Chris,
What you are seeing with 1.27l is exactly why the ASCOM_COMPAT_SWAP_PSOP flag was added beginning with 1.27p. There is another flag, ASCOM_COMPAT_SOP, in EQMOD.INI. It controls the Pointing/Physical setting via EQMOD Setup, but actually has 4 different values (Pointing = 0, Physical = 1, None = 2, v1.24g = 3). I remember reading at one time what “None” accomplished, but can’t recall now. The “v1.24g” setting was added beginning with v1.28b based on an EQMOD Yahoo Group message thread (called Physical Setting, but it’s easier to find by searching for 1.24g) that is directly related to SG Pro. The user said meridian flips with SG Pro quit working with EQMOD releases more recent than 1.24g.
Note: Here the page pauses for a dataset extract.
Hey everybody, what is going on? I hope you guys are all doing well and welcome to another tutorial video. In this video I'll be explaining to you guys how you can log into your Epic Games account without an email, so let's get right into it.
So Chris Shillito simply added another flag to mimic the way things used to be reported. karambit27,you might want to try the “v1.24g” setting and see if that helps.
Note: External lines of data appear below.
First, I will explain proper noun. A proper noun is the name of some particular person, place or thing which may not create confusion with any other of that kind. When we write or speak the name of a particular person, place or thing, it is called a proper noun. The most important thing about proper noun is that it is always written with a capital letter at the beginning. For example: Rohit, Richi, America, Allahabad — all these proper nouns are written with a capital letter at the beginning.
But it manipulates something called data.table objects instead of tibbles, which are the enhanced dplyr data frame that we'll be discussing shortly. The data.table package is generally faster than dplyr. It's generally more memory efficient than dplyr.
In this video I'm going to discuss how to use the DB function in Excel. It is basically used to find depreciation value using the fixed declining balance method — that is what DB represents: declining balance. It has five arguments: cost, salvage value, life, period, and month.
By the way, there is yet another flag, ASCOM_COMPAT_SWAP_SOP, but I have never played with it, never read about it and have no idea what it does.
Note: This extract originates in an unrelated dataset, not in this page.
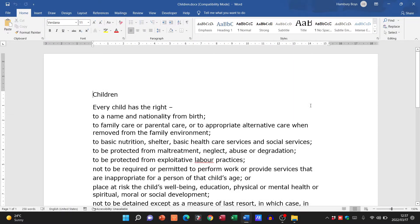Hi guys and welcome to today's video in which we are looking at multi-level lists. Now I know some of you hate this stuff, but we're going to look at this document called 'children'. This is actually from your textbook so you can have a look at it on page 139. They want us to edit this so that it looks like the example in the textbook.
At one point, ChrisS told me that there had been a long debate in the ASCOM community as to what SideOfPier should report. He also told me that CONFORM seems to report “OK” even when SideOfPier returns values that differ from the above diagram!
Ok, so much for the history of these flags. When I was writing my dome control program, the reasonable thing to me seemed to follow what ASCOM was expecting (in the documentation, if not in CONFORM). Additionally, my program uses DomeControl.cls (thank you very much for creating that – you saved me untold amounts of work), which expects SideOfPier behavior that matches the ASCOM documentation.
On a side note, as I recall, you own the Celestron driver. What does SideOfPier report in your case?
All of the above is not simply an academic debate. The fact that EQMOD has had to create different ways respond to SideOfPier calls tells me that applications and drivers are probably all over the place as to what they are expecting/providing. The result is the End User is left trying to find a common ground between Application A and Driver B and may find it impossible to concurrently use Application A and Application C. And the sad thing is that ASCOM was created to prevent all of that.
–Ernie
P.S. If it isn’t obvious from my comments, I haven’t started using SG Pro in the observatory yet. It’s not from lack of desire; I have it on the laptop and have been doing extensive testing with it. But taking the last step of implementing it in the observatory is out of my control right now. But soon…at which time, you’ll probably see more activity from me on this forum.